:: ENTRIES PROVIDED ::
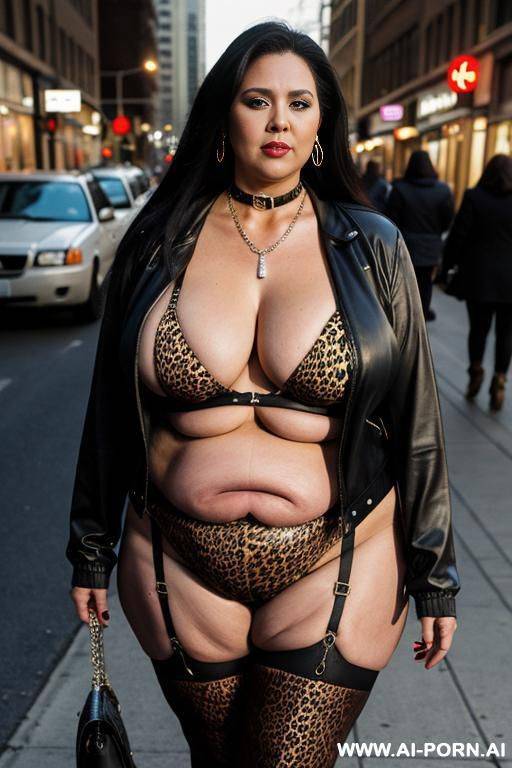 fat old milf, animal print hooker outfit, huge saggy boobs, long straight hair, crop jacket, necklace, choker, elries, street night, waist shot - #main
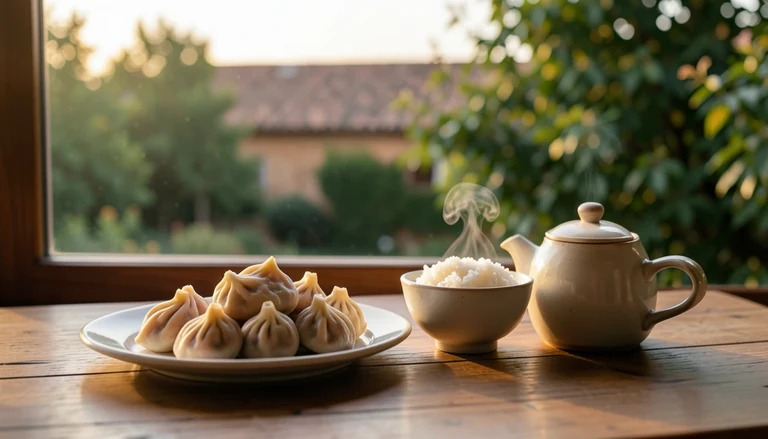 AI illustration of An imagined shared Chinese table: a plate of dumplings, a bowl of rice and a pot of tea in warm evening light, with no restaurant signage.
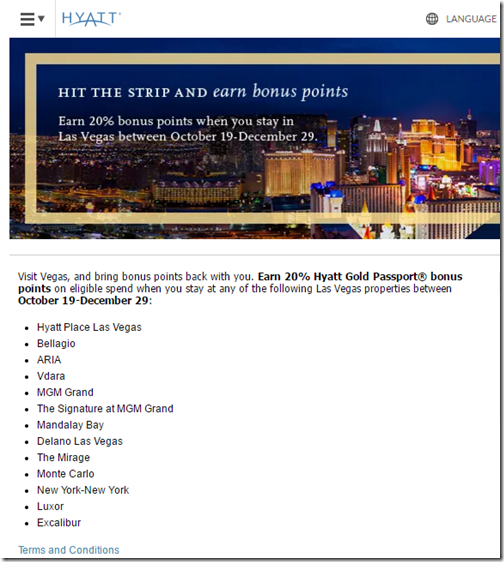 Hyatt Las Vegas bonus Oct 19-Dec29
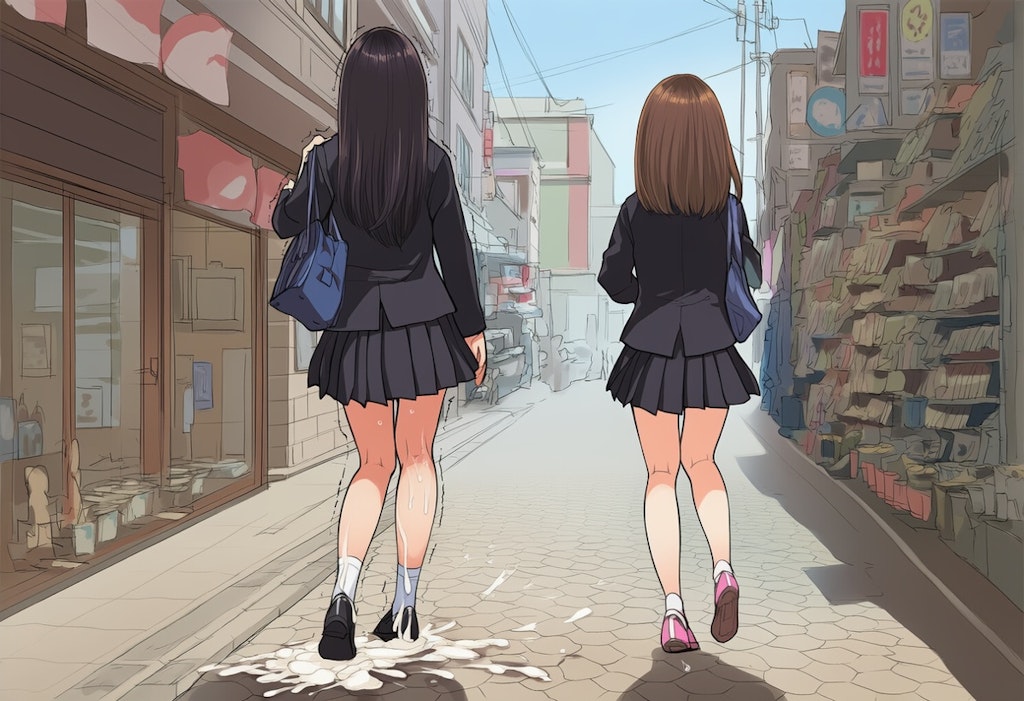 後ろからぶっかけられたJK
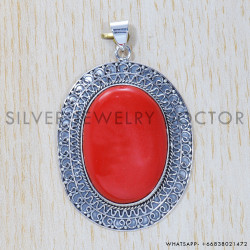 Coral 925 Sterling Silver Pendant (SJWP-362)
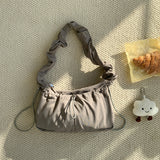 Ribbon Shirring String Shoulder Bag-Outfit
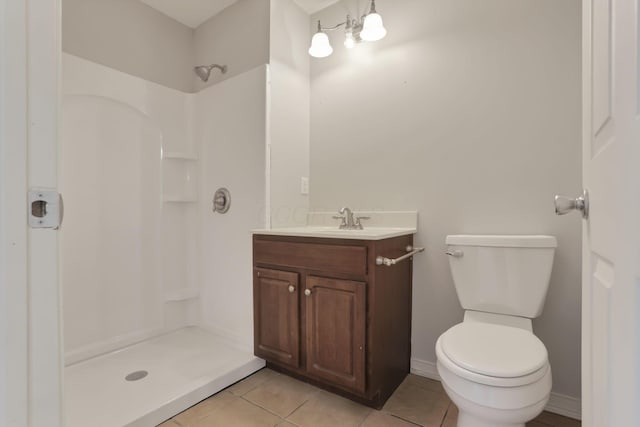 7485 Sugar Grove Rd SE, Sugar Grove, OH 43155 - full bath with toilet, a shower, tile patterned floors, vanity, and baseboards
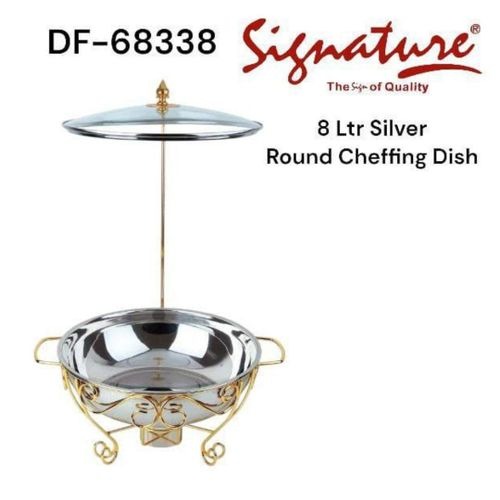 Signature DF-68338 8L Round Chafing Dish – Stainless Steel Buffet Food Warmer with Glass Lid, Silver & Gold Finish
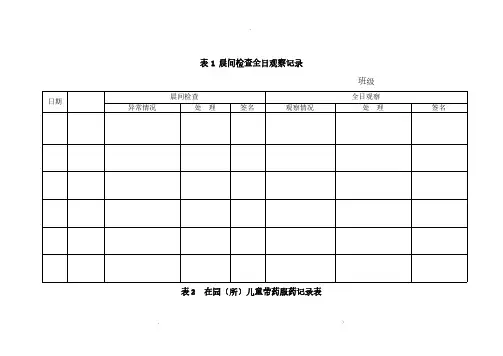 幼儿园的卫生保健相关参考表格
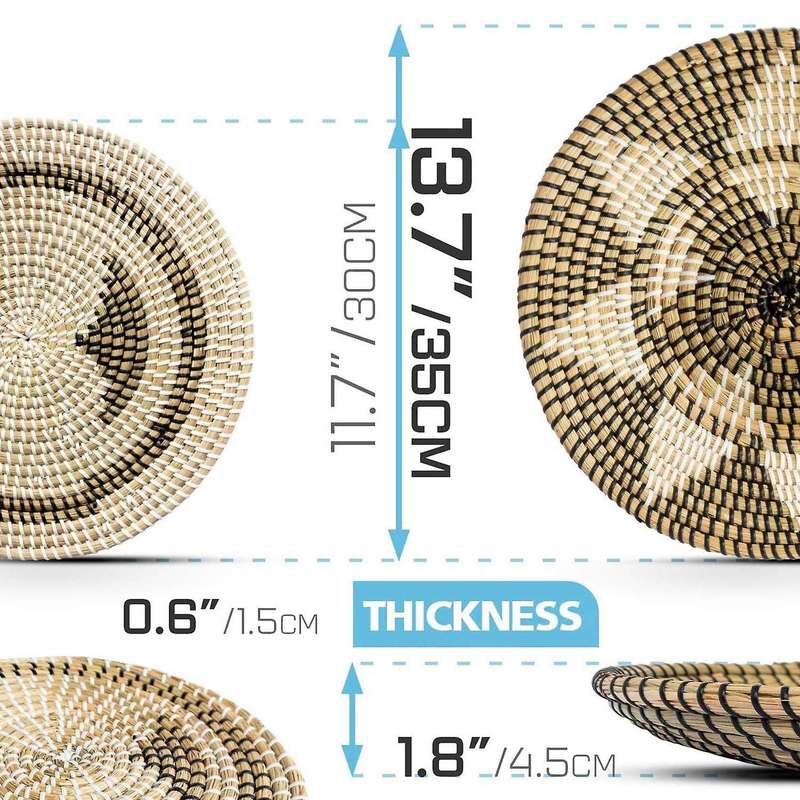 Woven Basket Wall Decor Set - Rattan Wall Decor - Wicker Wall Art - Woven Fruit Basket - Seagrass De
:::
(EXERCISE DIRECTIONS)
Starting at the line that contains "AI illustration of", retype each line through the end of the data exactly, and leave out every picture.

(RESPONSE BELOW)
 AI illustration of An imagined shared Chinese table: a plate of dumplings, a bowl of rice and a pot of tea in warm evening light, with no restaurant signage.
 Hyatt Las Vegas bonus Oct 19-Dec29
 後ろからぶっかけられたJK
 Coral 925 Sterling Silver Pendant (SJWP-362)
 Ribbon Shirring String Shoulder Bag-Outfit
 7485 Sugar Grove Rd SE, Sugar Grove, OH 43155 - full bath with toilet, a shower, tile patterned floors, vanity, and baseboards
 Signature DF-68338 8L Round Chafing Dish – Stainless Steel Buffet Food Warmer with Glass Lid, Silver & Gold Finish
 幼儿园的卫生保健相关参考表格
 Woven Basket Wall Decor Set - Rattan Wall Decor - Wicker Wall Art - Woven Fruit Basket - Seagrass De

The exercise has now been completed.